AVAILABLE DATA:
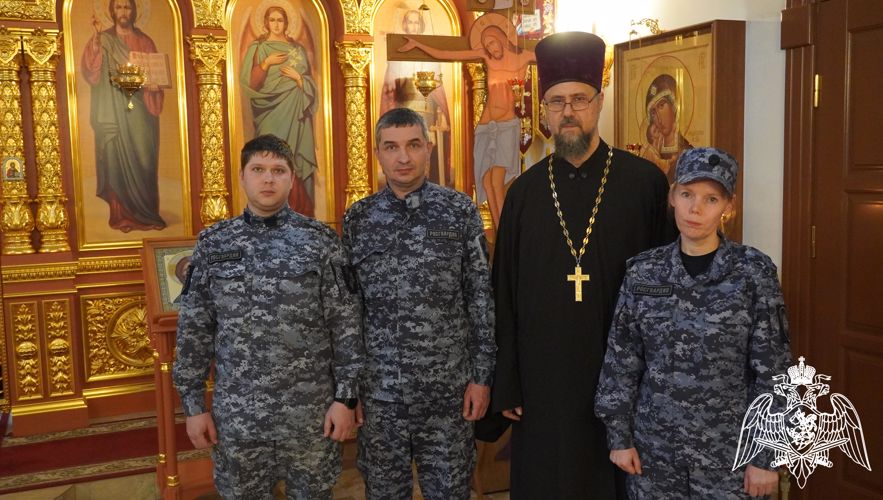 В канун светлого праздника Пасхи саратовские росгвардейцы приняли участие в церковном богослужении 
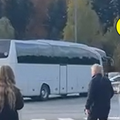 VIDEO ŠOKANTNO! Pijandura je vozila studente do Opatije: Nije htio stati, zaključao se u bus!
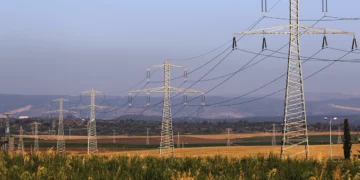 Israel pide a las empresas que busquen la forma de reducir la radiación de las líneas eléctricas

AIM OF THE TASK: Reprint the data verbatim, pictures excluded.

FINAL ANSWER:
 В канун светлого праздника Пасхи саратовские росгвардейцы приняли участие в церковном богослужении 
 VIDEO ŠOKANTNO! Pijandura je vozila studente do Opatije: Nije htio stati, zaključao se u bus!
 Israel pide a las empresas que busquen la forma de reducir la radiación de las líneas eléctricas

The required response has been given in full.